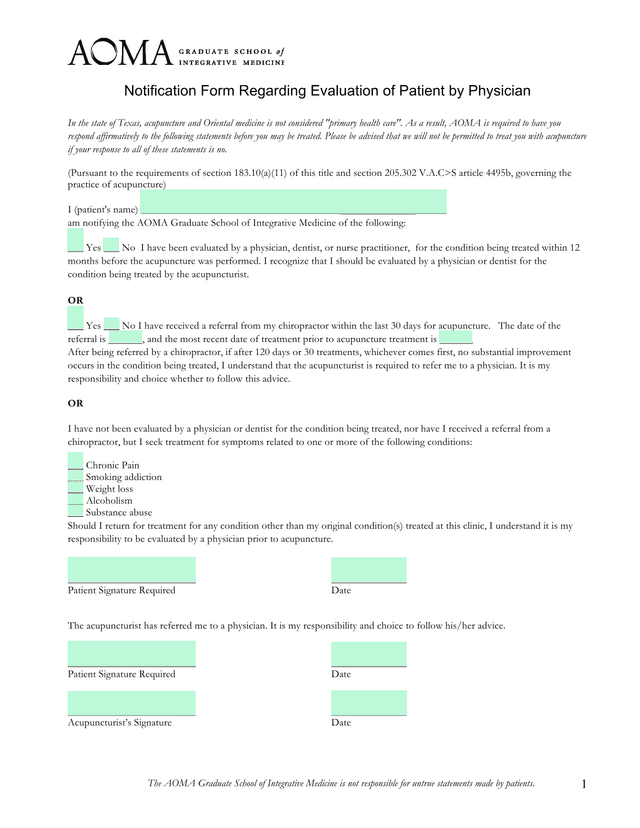 Notification Form Regarding Evaluation Of Patient By Physician screenshot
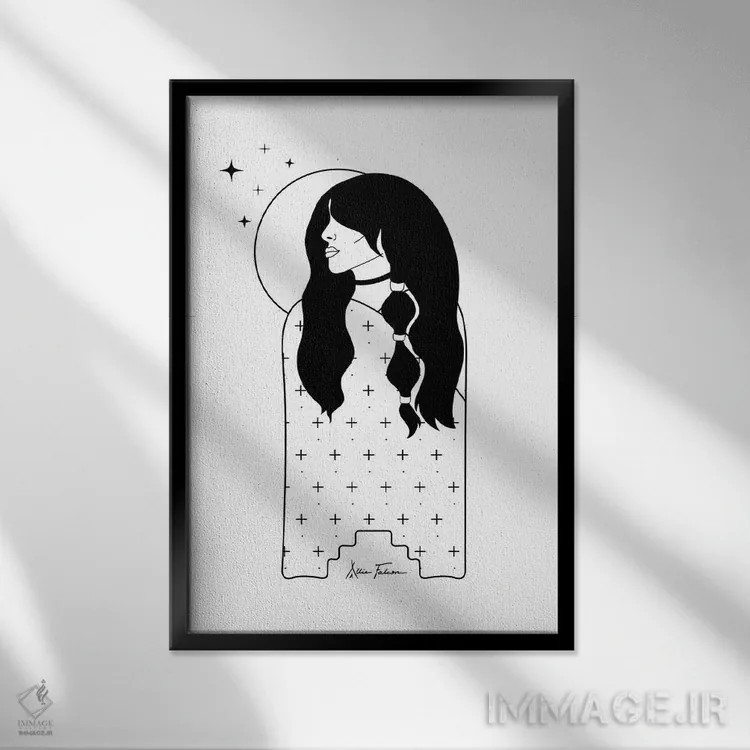 تابلو دختر ماه اثر آلی فالکن - نمای قابدار مشکی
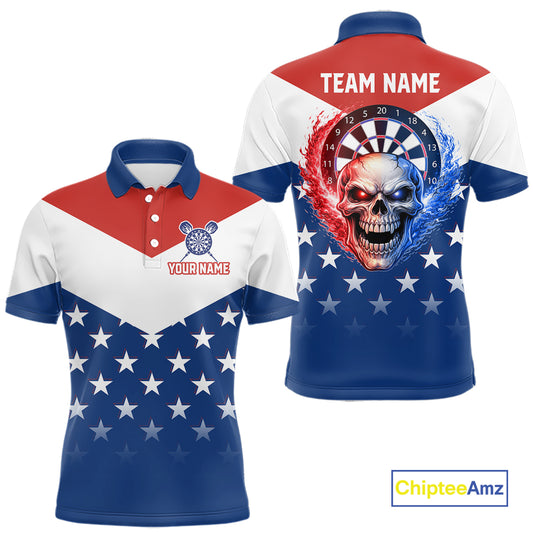 Blue And Red Dartboard Patriotic Dart Polo Shirts For Men Custom Dart Team Jerseys NYN2729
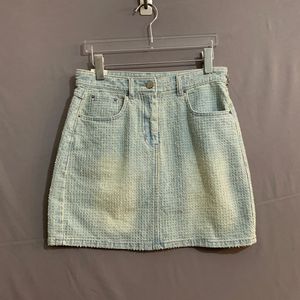 38 노이어 데미지 스트라이프 데님 미니 스커트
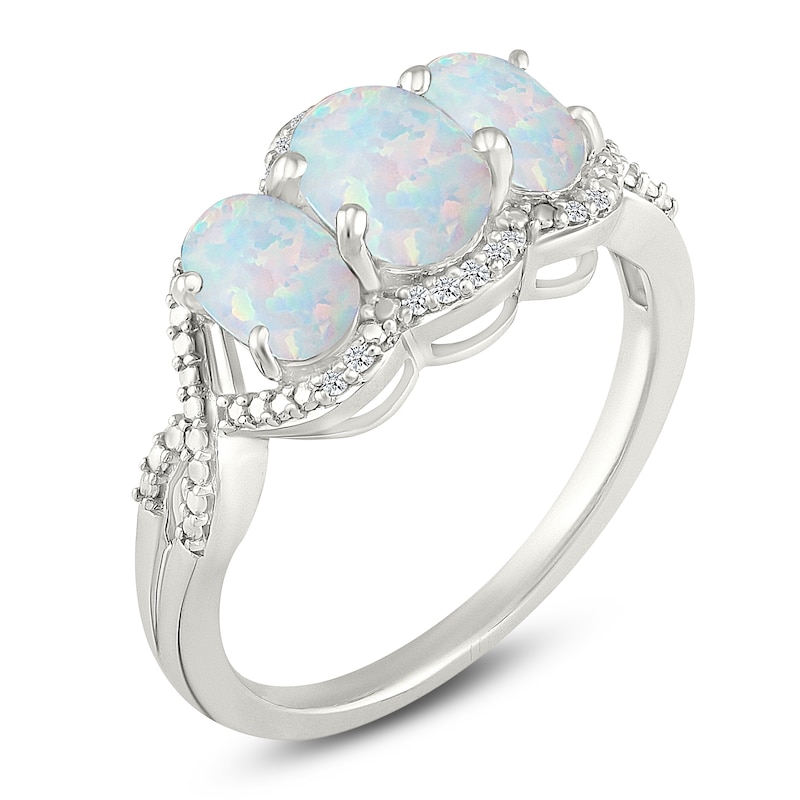 Main Image 2 of Oval-Cut Lab-Created Opal & Diamond Three-Stone Ring 1/20 ct tw Sterling Silver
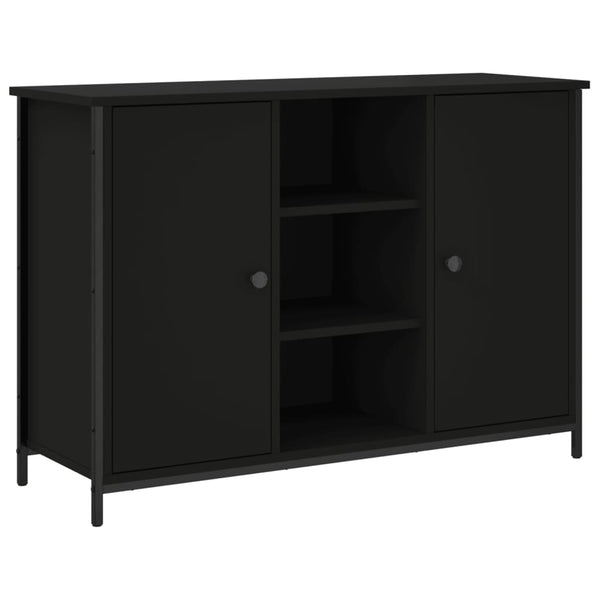 Schwarzes Sideboard Moanta 100x35x70cm (Holz)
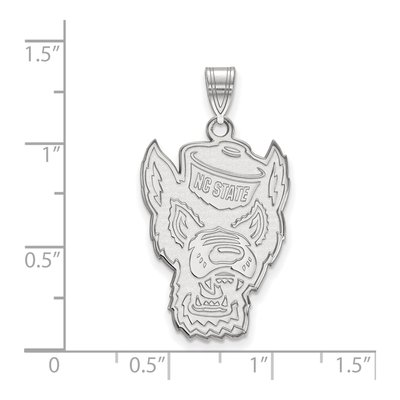 North Carolina State University 10K White Gold Wolf Extra Large Pendant – view 2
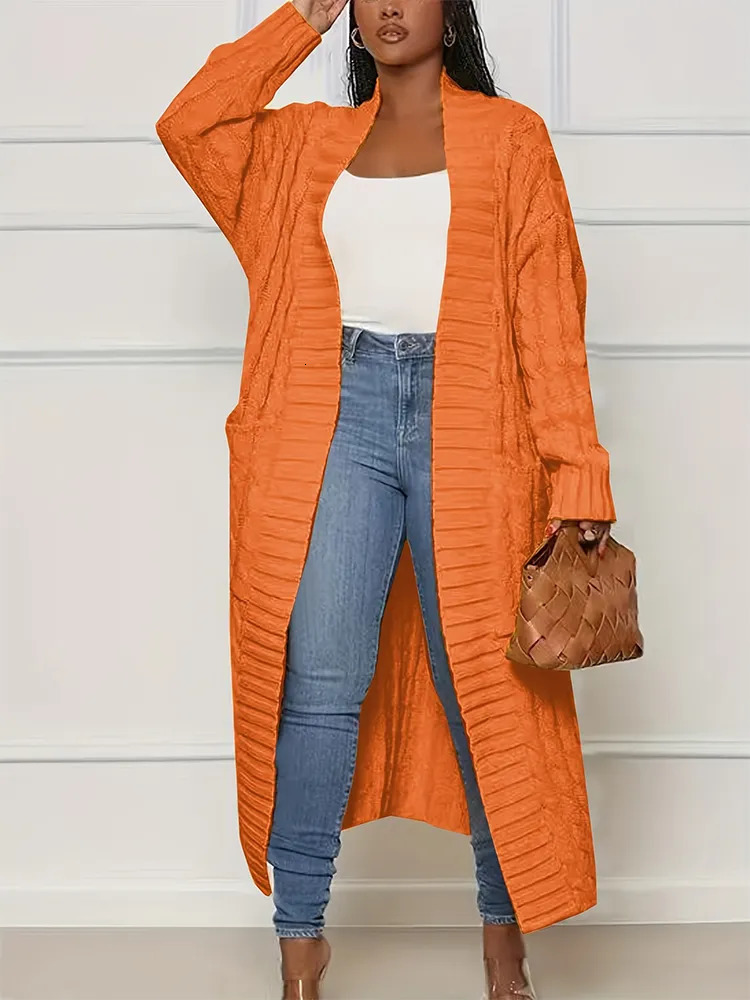 Women s Sweaters 2023 Autumn and Winter Fashion Cardigan Long Sleeve Sweater with Pockets Chunky Knit Top 231114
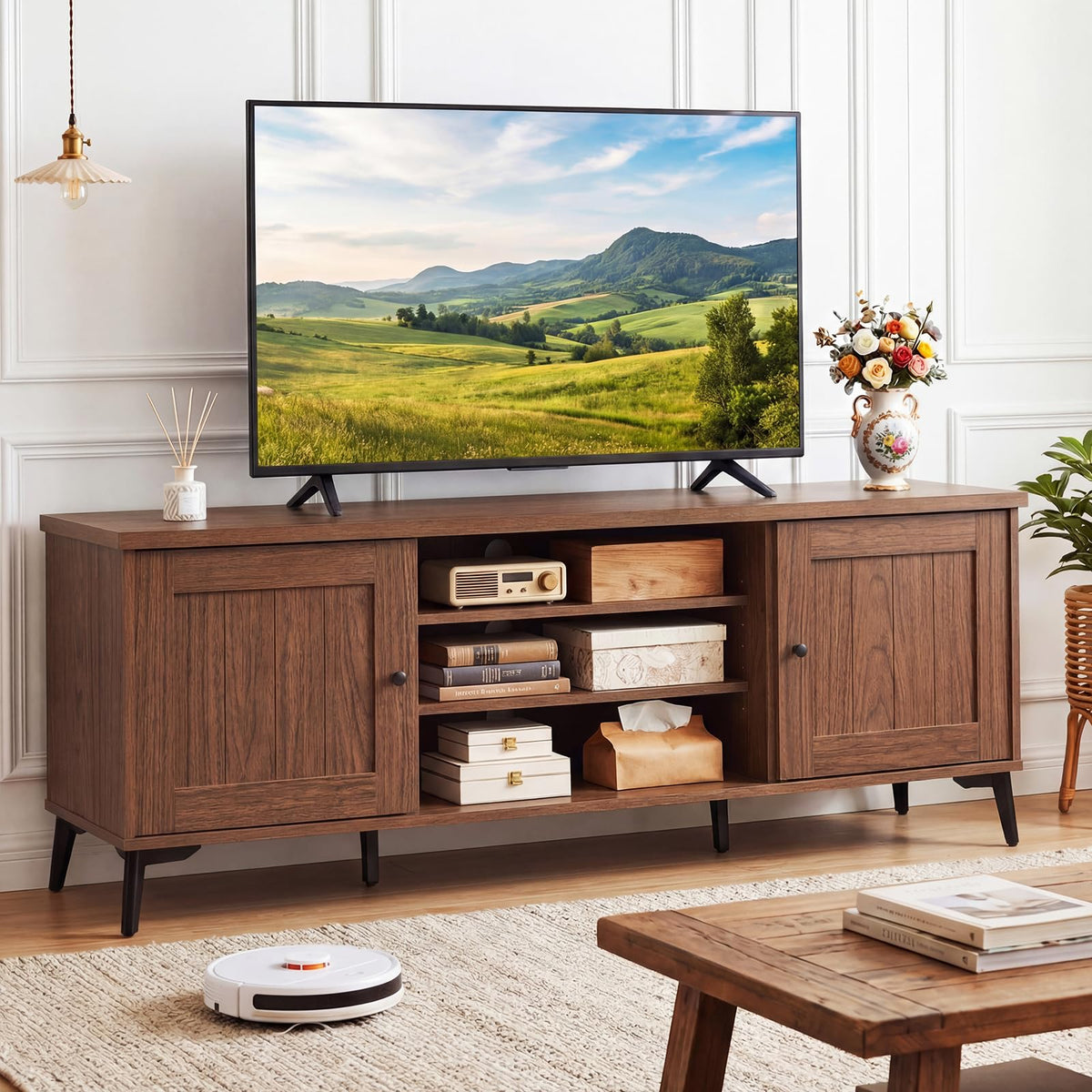 Goflame 2-Door TV Stand for TVs up to 65" with 2 Storage Cabinets & 4 Adjustable Shelves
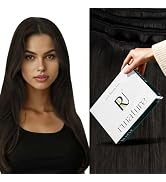 RUNATURE Sew in Hair Extensions Human Hair Dark Brown Straight Double Weft Human Hair Extensions ...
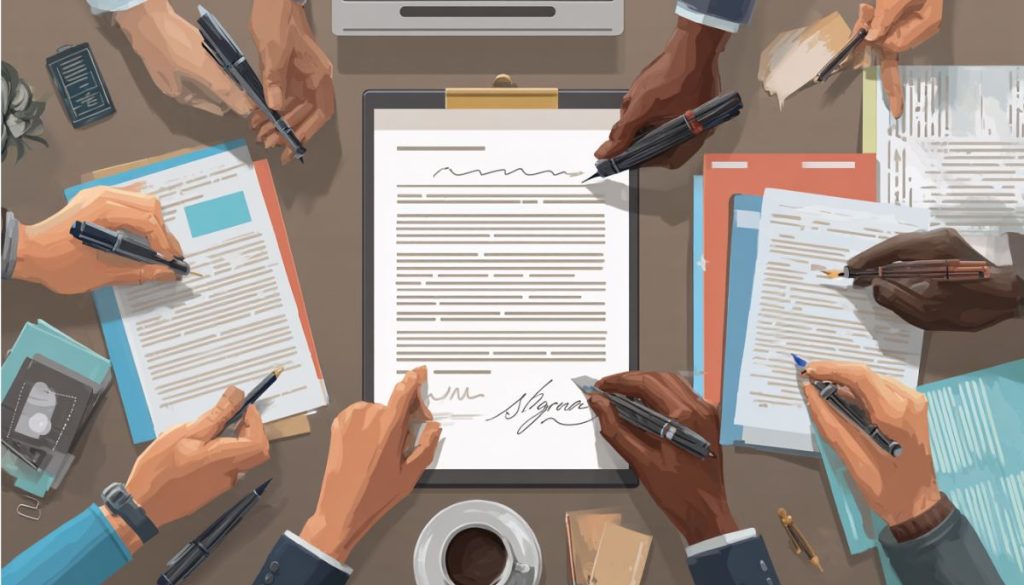 Group of people in a workspace signing an official document — illustrating signatories meaning in legal and business contexts.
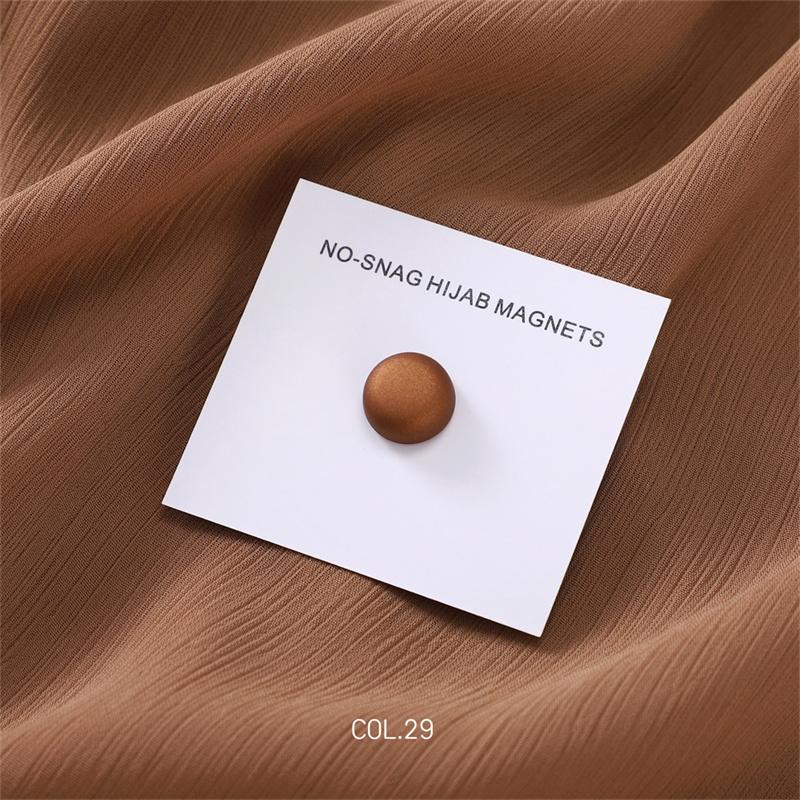 New 54color Matte Silk Scarf Hijab Magnet Brooch Strong Magnetic Buttons Round Shawl Dual-use Collar Clip Cufflinks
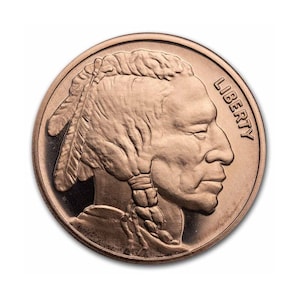 Indian Head and Buffalo - 1oz. Pure Copper Bullion Round!!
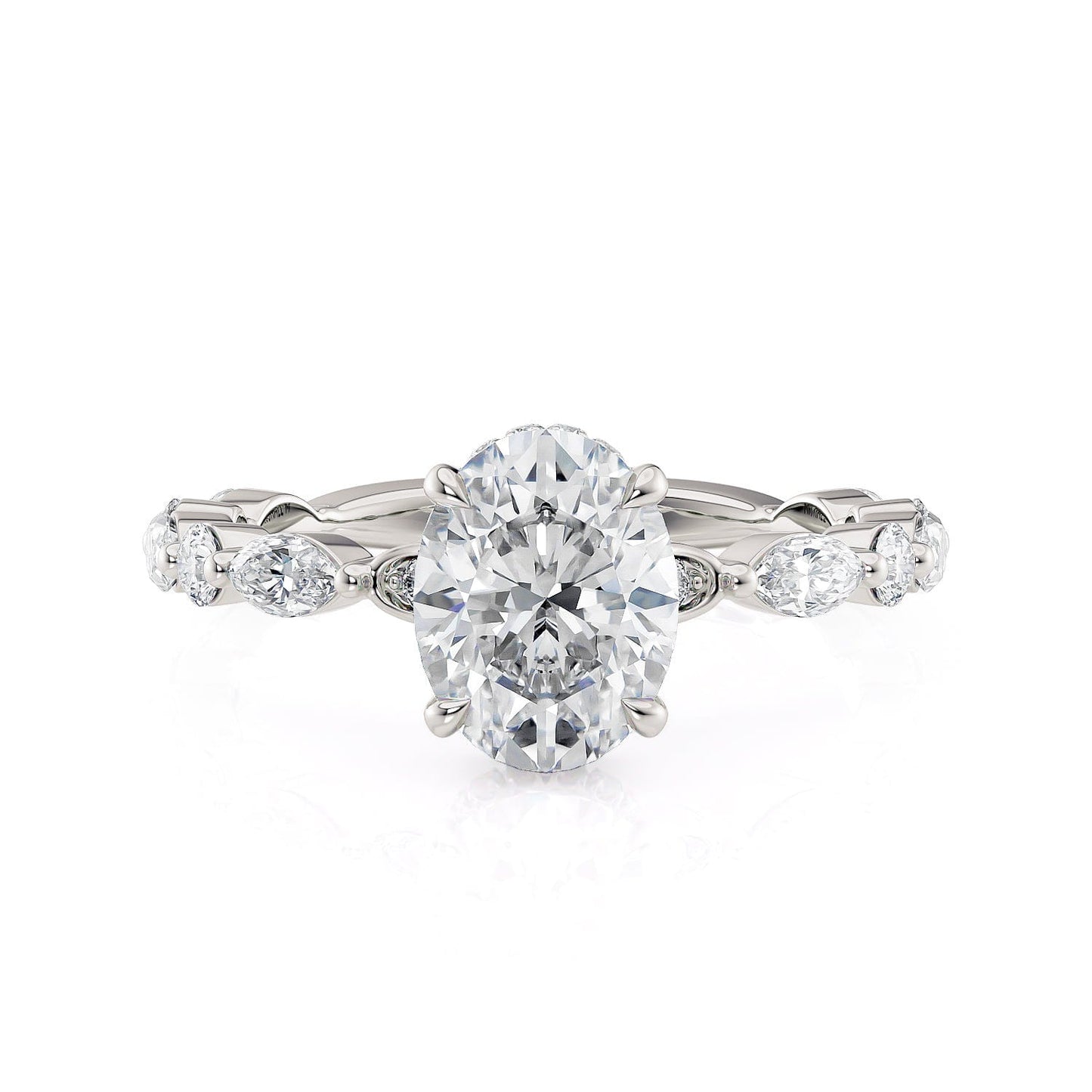 Michael M Hidden Halo Oval Engagement Ring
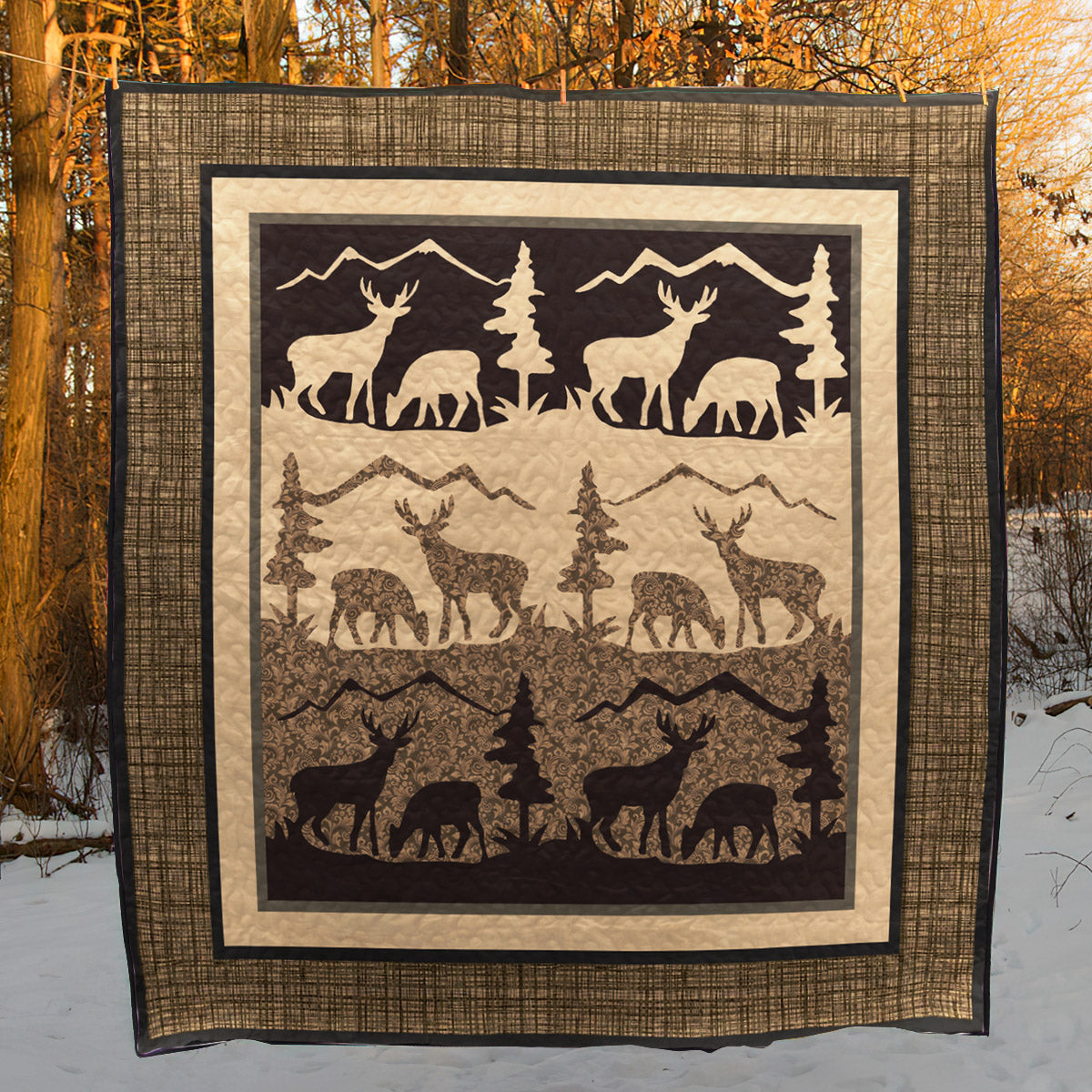 Cabin Deer CLM1410018 Quilt Blanket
++++++++++++++++++++
WHAT YOU NEED TO DO:
When copying from the data above, print only the lines from the line containing "Blue And Red" to the line containing "North Carolina State", exactly, and leave the pictures out.

ANSWER TO THIS EXERCISE:
 Blue And Red Dartboard Patriotic Dart Polo Shirts For Men Custom Dart Team Jerseys NYN2729
 38 노이어 데미지 스트라이프 데님 미니 스커트
 Main Image 2 of Oval-Cut Lab-Created Opal & Diamond Three-Stone Ring 1/20 ct tw Sterling Silver
 Schwarzes Sideboard Moanta 100x35x70cm (Holz)
 North Carolina State University 10K White Gold Wolf Extra Large Pendant – view 2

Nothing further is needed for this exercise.